Since AC Milan sacked Marco Giampaolo in October 2019 after just seven league games in charge, Stefano Pioli has taken charge of the Rossoneri in their search for a return to European football. In this tactical analysis, I’ll try to answer the question: have AC Milan improved under Stefano Pioli?

Reflecting on Giampaolo’s reign

In order to see whether or not Pioli has improved Milan or not we need to use analysis to examine the situation before Pioli and what he inherited.

After parting ways with club legend Gennaro Gattuso at the end of the 2018/19 season, AC Milan hired Giampaolo after a relatively successful 3-year stint at Sampdoria. However, the 52-year-old was sacked after just 99 days in the job, so what went wrong for Giampaolo? 

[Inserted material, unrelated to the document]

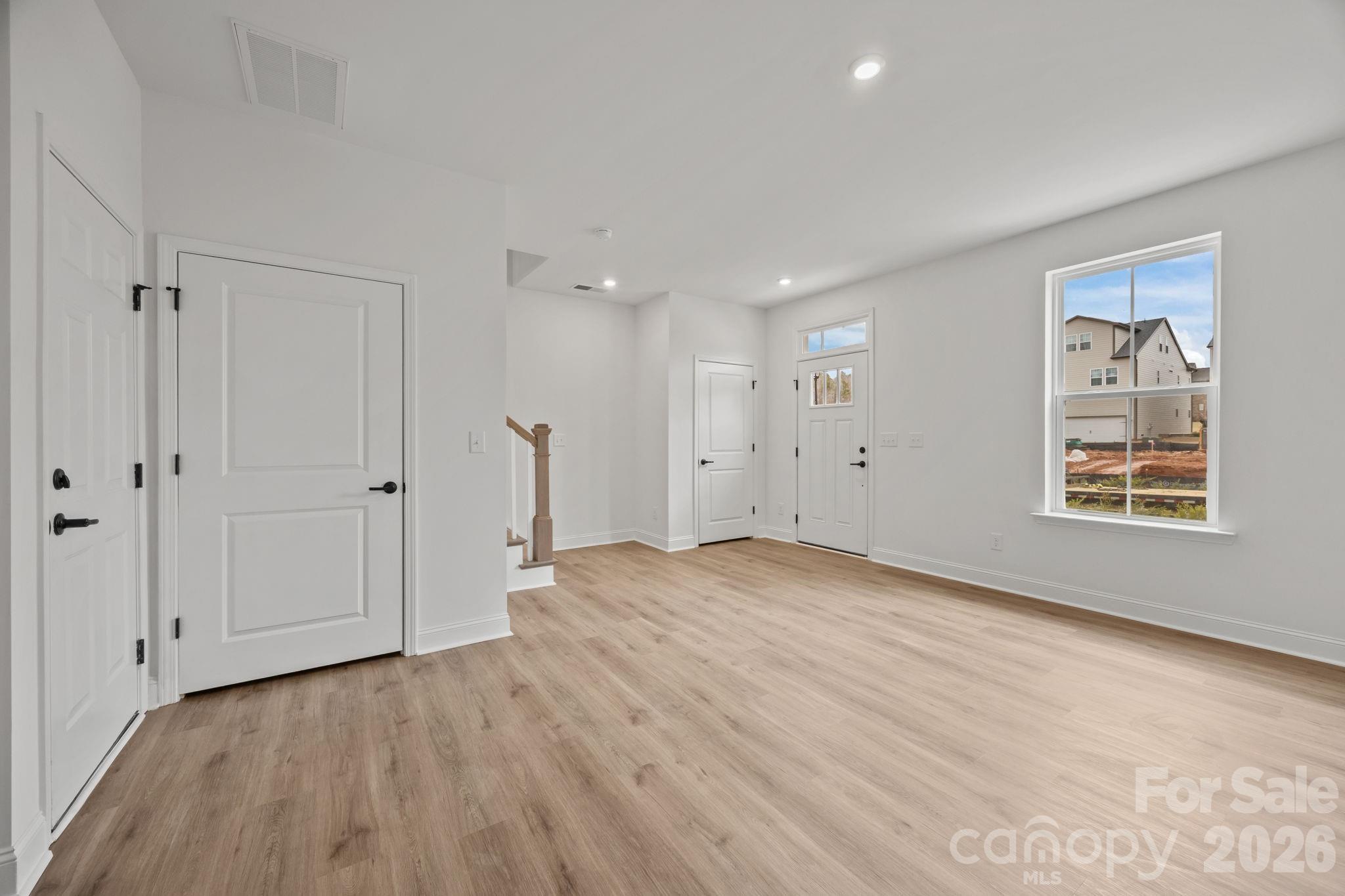 3025 Rozzelles Ferry Road — Charlotte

Giampaolo won three and lost four of the seven matches he served as Milan manager. This record left Giampaolo with a 43% win rate and an average points per game total of 1.29. If this record was maintained over the course of a 38 game season, Milan would have accumulated 49 points, a total which would have Milan finish 10th in last season’s table. Of course, projecting where Milan would have finished based off of such a small sample size does not truly give us an accurate reflection. Such a small sample size is why some have criticised Milan’s decision to sack Giampaolo, as Milan were just three points off of 5th placed Roma at the time, the situation was very much salvageable after less than two months into the season. The seven matches which Giampaolo oversaw were:

  1. Udinese 1-0 Milan (L)
  2. Milan 1-0 Brescia (W)
  3. Hellas Verona 0-1 Milan (W)
  4. Milan 0-2 Inter (L)
  5. Torino 2-1 Milan (L)
  6. Milan 1-3 Fiorentina (L)
  7. Genoa 1-2 Milan (W)

Now that we’ve seen the results that Giampaolo received, let’s take a look at some other aspects of Giampaolo’s reign which led to his dismissal, as results are just one facet of managerial performance.

Uncertainty of playing style

In his seven matches, Giampaolo employed three formations, originally starting with the 4-4-2 diamond he has preferred throughout his managerial career, then migrating to a 4-3-2-1 and eventually a 4-3-3 in his final match, a win over Genoa. He was also not sure what his best XI was, rotating heavily and using players in a multitude of different roles. For example, Suso was used as the attacking midfielder in a diamond, a right winger in a 4-3-3, and one of the two players behind the forward in a 4-3-2-1.  

Defending against width.

The defeat against Inter has countless examples of one of the biggest issues Milan faced: defending wide areas. In the example below we can see Inter can easily play around Milan’s very narrow pressing structure. In a different example, we can see how Milan heavily commit players to the press to shift over when defending width, leaving them extremely vulnerable to switches of play on the far side

Kessié, Suso, Conti, and Rodríguez all shift to cover the width, which as we can see in the next example, leaves them open on the far side. 

In the next example, Lukaku pins both Milan central defenders, while they create a 2v1 on the near side, and stretch the play by occupying the far side with Politano. 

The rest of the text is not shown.